Une note transmise par les expertscomptables de la campagne en mars 2012, et alertant sur de possibles dépassements, est l’un des points retenus par Serge Tournaire pour justifier le renvoi du candidat. Ce message avait été reçu par Guillaume Lambert, directeur de la campagne de Nicolas Sarkozy et son ancien directeur de cabinet à l’Elysée. Le candidat avait expliqué ne pas en avoir eu connaissance, mais le juge estime cette hypothèse peu probable. C’est donc bien en connaissance de cause qu’il a continué à mener sa campagne via des « meetings spectaculaires et dispendieux », estime le magistrat.
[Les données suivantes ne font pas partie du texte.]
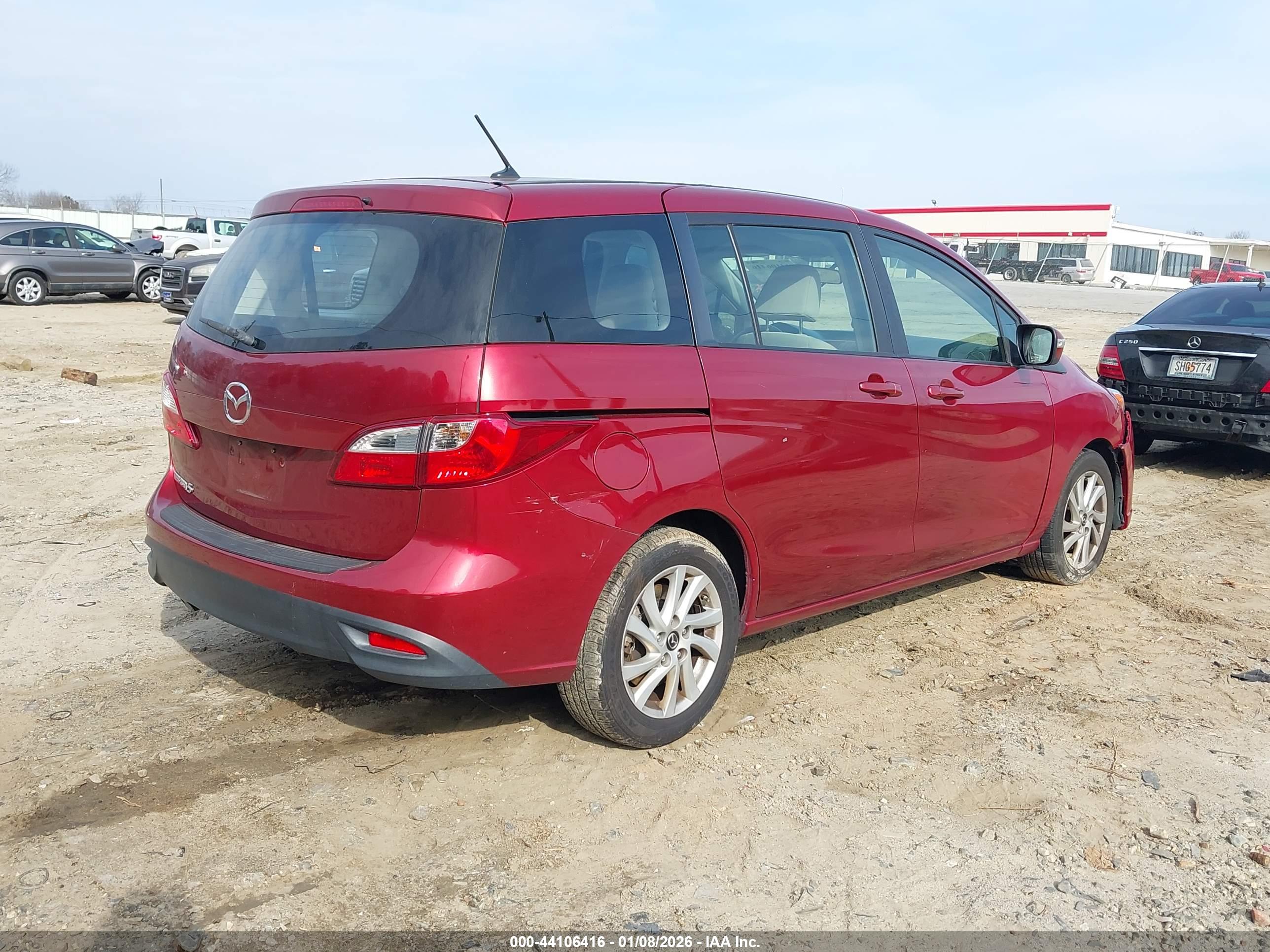 MAZDA MAZDA5 image 4
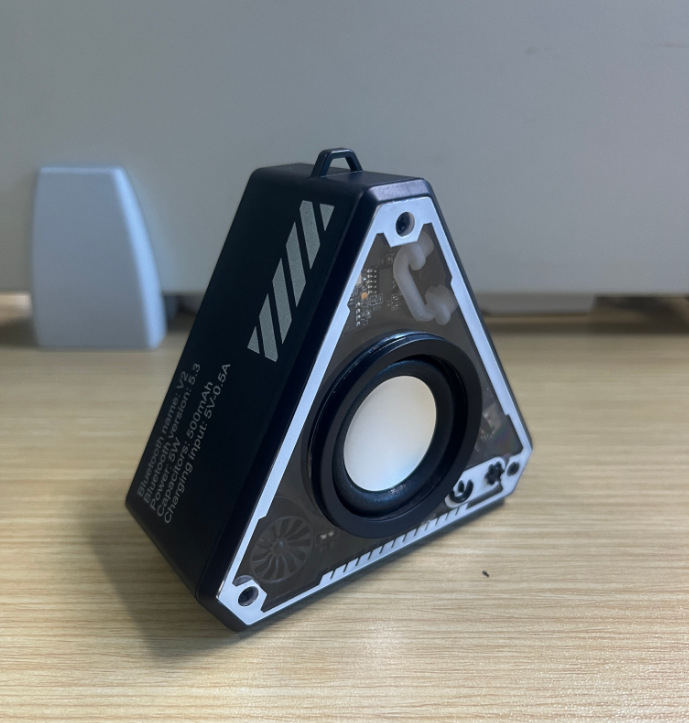 Bluetooth zvučnik u stilu Mecha s šarenim ambijentalnim svjetlom, prijenosni mini bass zvučnik — Bluetooth 5.3; 5W; ugrađena baterija 500–800 mAh; SNR ≥85 dB; domet 10 m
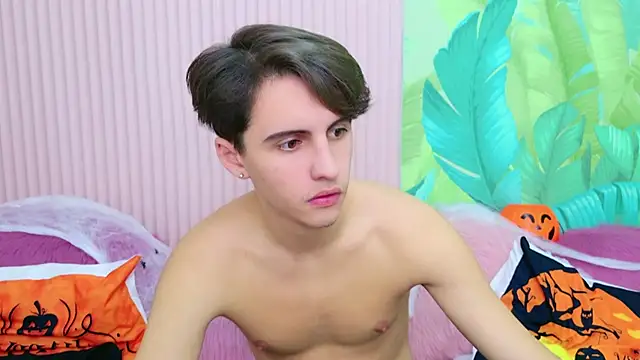 Snapshot of Jefrey_Carter chatting on 10-27-25, 08:35 Jefrey Carter online show from 10-27-25, 08:35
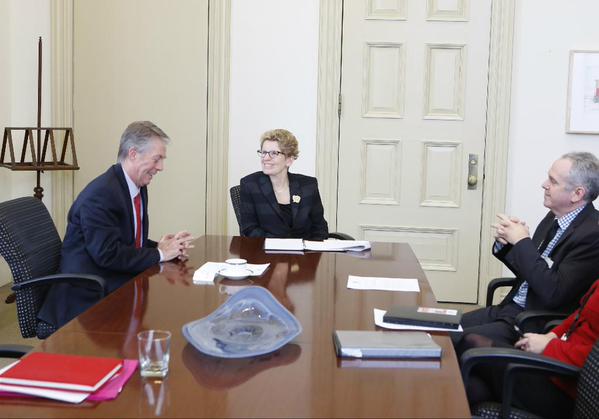 Hamilton Mayor Fred Eisenberger, Ontario Premier Kathleen Wynne and Hamilton City Manager Chris Murray (Image Credit: Government of Ontario)
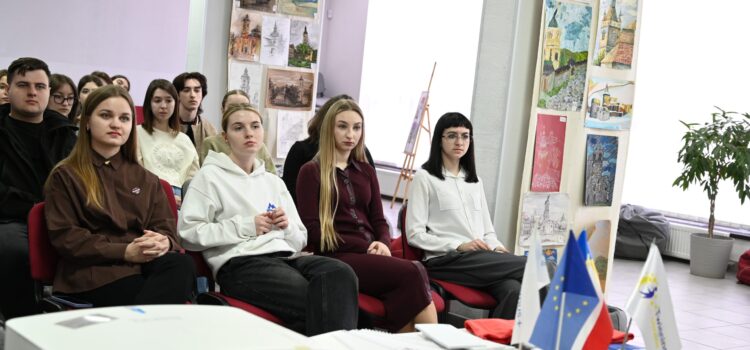 Здобувачі вищої освіти діляться  досвідом участі у програмах міжнародної академічної мобільності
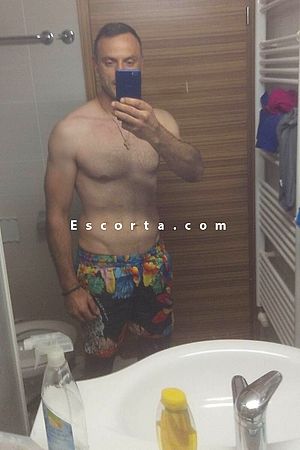 Dragan - Male escorts Udine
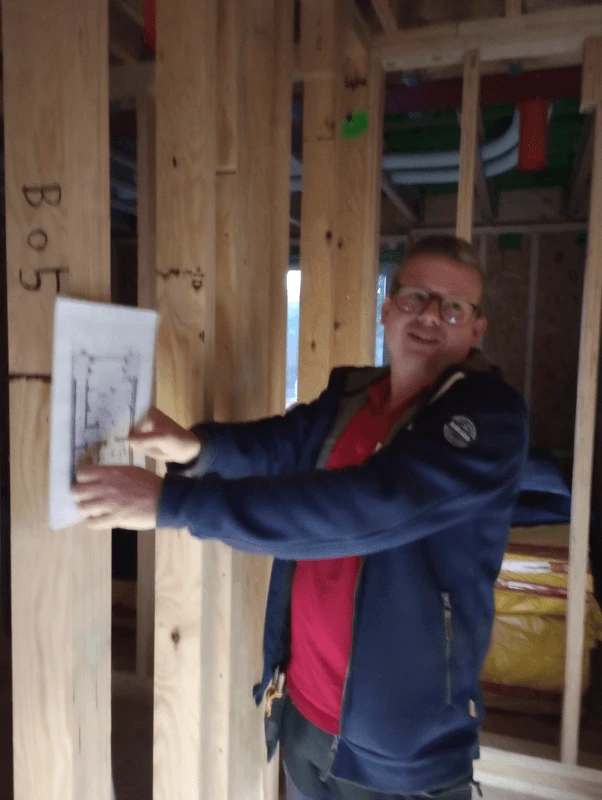 Easykit-technieker Timmy bespreekt een bouwplan op de werf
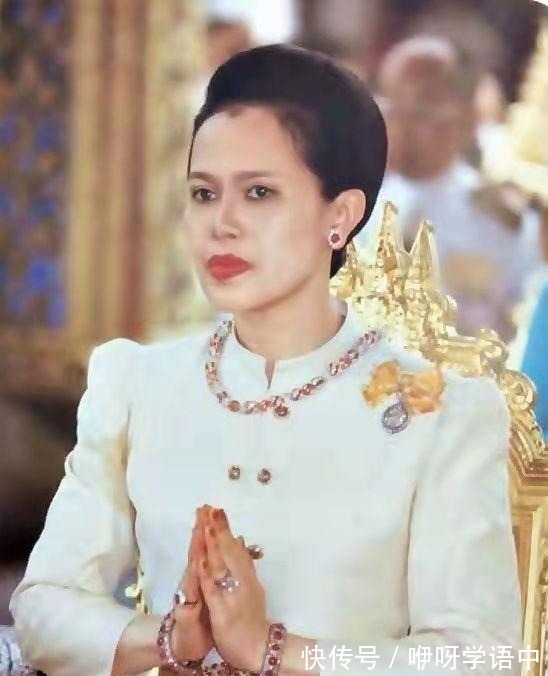 诗丽吉王后 诗丽吉的红宝石项链真不少,甚至还有传家宝,诗妮娜也戴过祖传的!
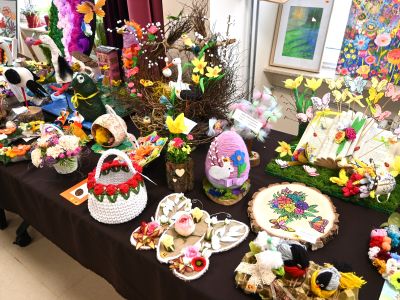 prace konkursowe na stole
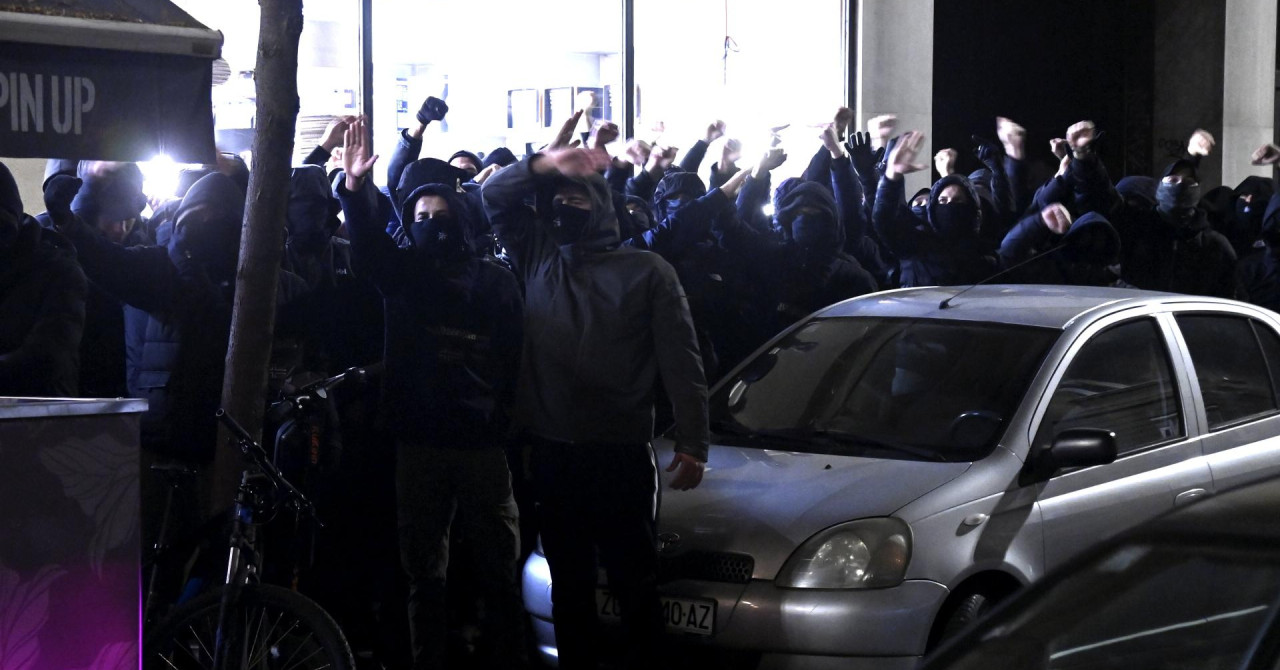 Interventna policija spriječila napad u centru grada! Na Dane srpske kulture stiglo 50-ak maskiranih muškaraca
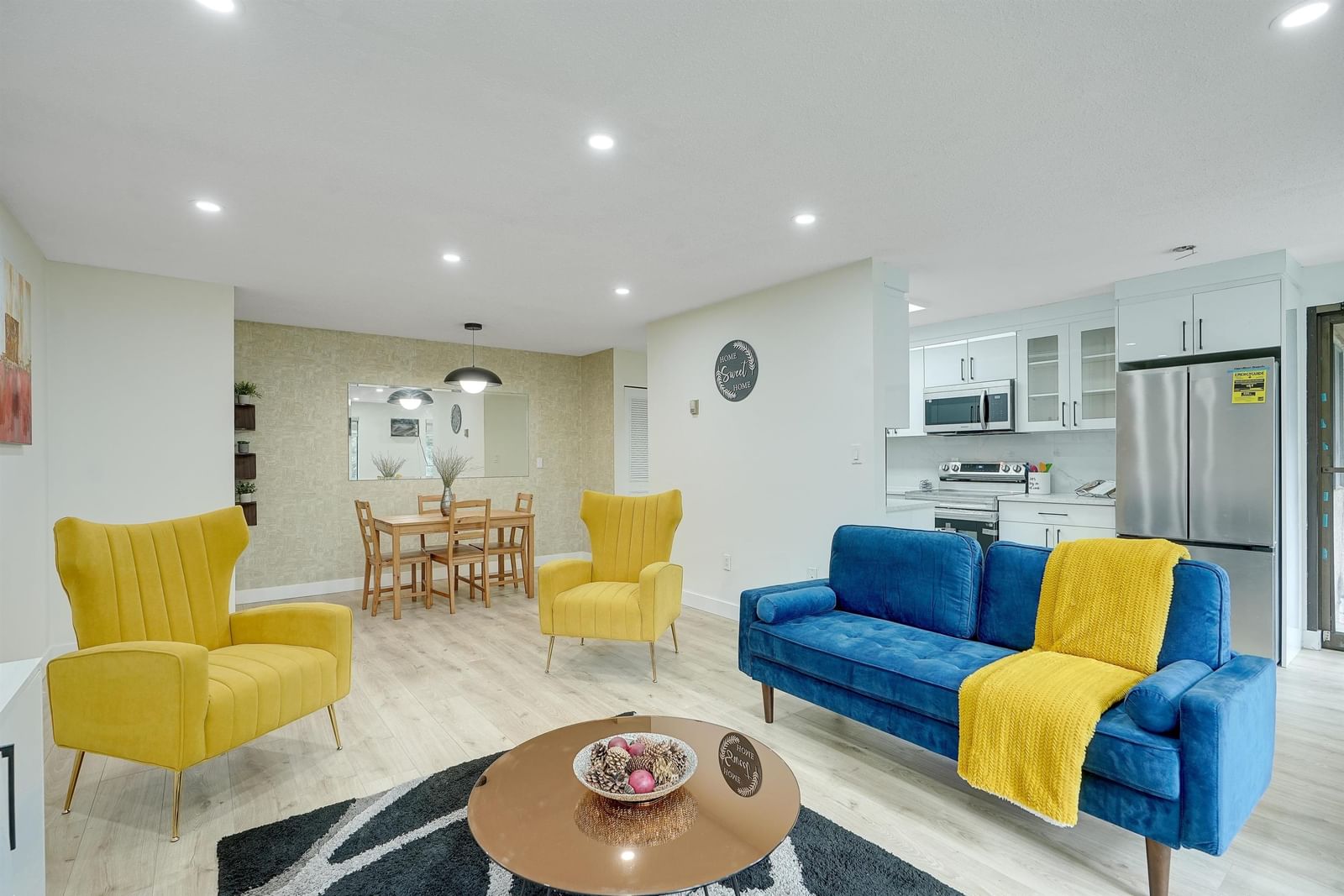 Listing Image 10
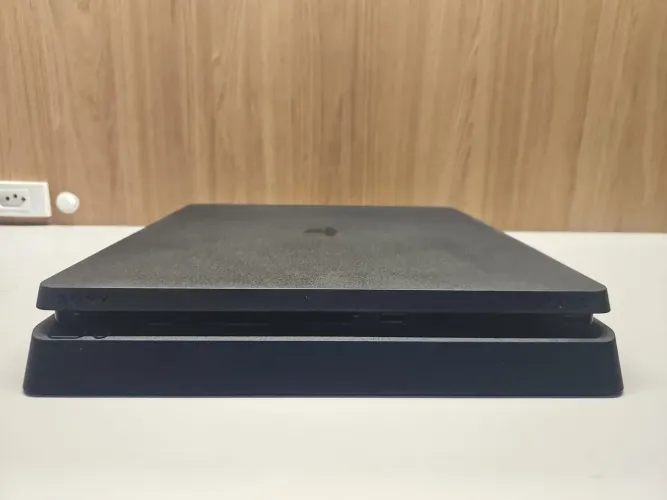 PS4 Slim 1TB + 2 Controles originais + jogos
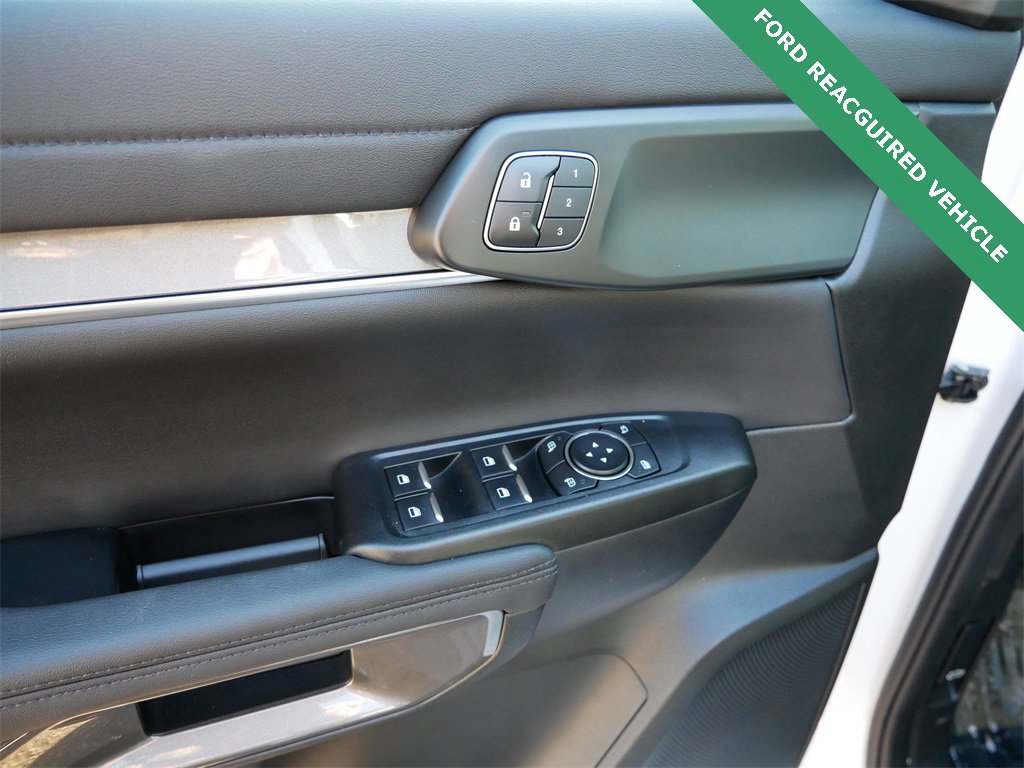 Used 2025 Ford Ranger Lariat w/ FX4 Off-Road Package image 16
Selon le juge Tournaire, rien n’indique que l’escroquerie visant à masquer les dépassements des comptes aurait été mise en place par Nicolas Sarkozy. Contrairement à d’autres protagonistes du dossier, l’ancien président n’est pas renvoyé pour faux ou escroquerie. Seul un des juges d’instruction en charge du dossier a signé l’ordonnance. Le second juge saisi, Renaud Van Ruymbeke, ne l’a pas signée. Cette spécificité permet aux personnes renvoyées, dont Nicolas Sarkozy, de faire appel de ce renvoi. La bataille de procédure peut donc être encore longue avant un éventuel procès.